Given the critical role of the γδTCR in mediating Lm-elicited memory γδ T cell recall response to Lm (Fig. 1), the importance of TCR signaling was assessed. Longitudinal analysis of circulating cells revealed a significant increase in the frequency of Nur77GFP-expressing CD44hi CD27neg Vγ1.1neg Vγ2neg γδ T cells 4 days after STm challenge infection (Fig. 6c, d). Furthermore, internalization of the γδTCR in GL4-treated mice prevented CD44hi CD27neg Vγ1.1neg Vγ2neg γδ T cell expansion (Fig. 6e–g and S7a) and substantially reduced their proliferation (Fig. 6h, i) following STm challenge infection. However, GL4 treatment did not affect weight loss, fecal shedding, or MLN STm burden (Fig. S7b–d). We previously showed that Lm-elicited γδ T cells provide protection against secondary Lm infection in concert with conventional T cells and that GL4 treatment alone does not affect Lm burden11. To determine whether TCR signaling contributes to the control of STm infection, we evaluated the effect of GL4 treatment on the ability of CD4- and CD8-depleted Lm-immune mice to control STm burden (Fig. S7e). Although STm burden in the MLN was similar between GL4- and PBS-treated mice, GL4 treatment resulted in a significant increase in STm burden in the spleen (Fig. S7f). These results reveal that the γδTCR contributes to the optimal control of STm and suggest that STm-selected and cross-reactive γδ T cells can restrict STm dissemination to the spleen or mediate local antibacterial effects.

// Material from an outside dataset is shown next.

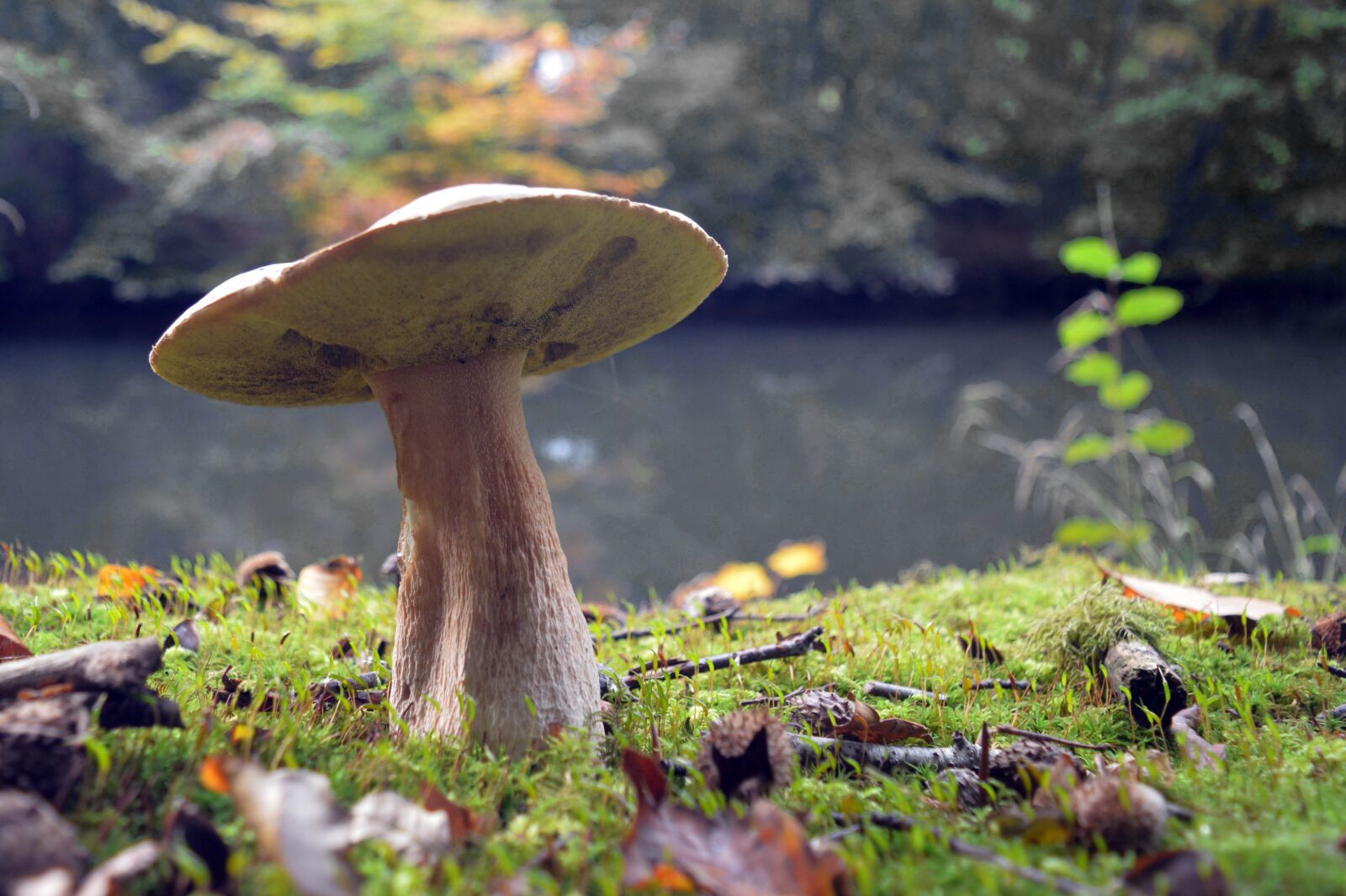 Nikon D5200 sample photo. Nature, mushroom, water photography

GL4 treatment also abrogated CD44hi CD27neg Vγ1.1neg Vγ2neg γδ T cell response to i.p. Cr infection without affecting weight loss (Fig. S8). Altogether, these data suggest that the γδTCR is integral to the recall response of Lm-elicited memory Vγ4 Vδ1 T cells to heterologous infection and suggest that cells responding to STm in Lm-immune mice arise from the Lm-elicited memory pool.

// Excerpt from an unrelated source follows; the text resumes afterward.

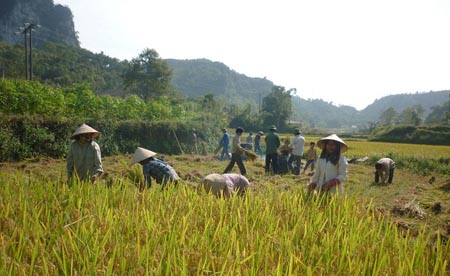 Hương xuân Cao Bằng 1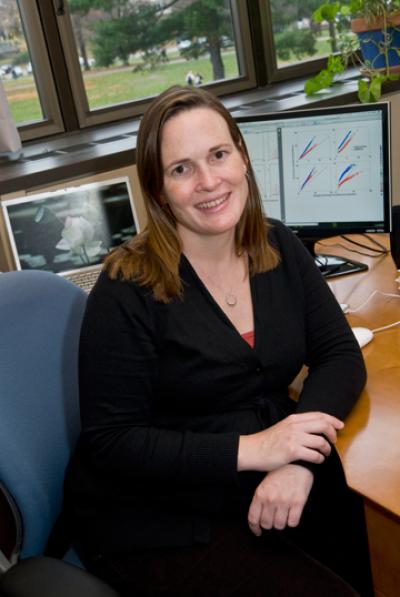 Sara Cordes, Boston College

γδ T cell responses to Lm and STm infections involve cross-reactive and non-overlapping pathogen-selected non-canonical clones
Recognition of cognate antigen elicits robust T cell clonal expansion that leads to changes in clone abundance and alterations in TCR repertoire. To determine whether Lm-elicited memory Vγ4 Vδ1 T cell clones respond to STm, the TCRδ repertoire of purified CD44hi CD27neg Vγ4 T cells elicited by STm infection in naïve (STm primary) and Lm-immune mice (STm recall) were analyzed and compared to sorted Lm-elicited cells from age-matched mice (Fig. 2). The canonical and the public Vδ1 TCRs represented the majority of (~85%) the repertoire of STm primary and STm recall samples, regardless of prior exposure to Lm (Fig. 7a). Interestingly, STm and Lm primary infections were selected for largely non-overlapping non-canonical clones (Fig. 7b). Only 29 and 25 overlapping clones were detected. The two infections also differentially affected the prevalence of overlapping non-canonical clones as the majority of the clonotypes analyzed showed a selective enrichment (>25% difference in read frequency) after either primary infection (Fig. 7c). Similar observations were made in Lm-immune mice infected with Lm or STm (Fig. 7d, e), suggesting that prior exposure to Lm does not impede the generation of subsequent non-canonical response to an unrelated pathogen. Overall, these results suggest that the non-canonical Vγ4 Vδ1 repertoire is differentially shaped by unrelated infections, consistent with clonal selection mediated by distinct antigens.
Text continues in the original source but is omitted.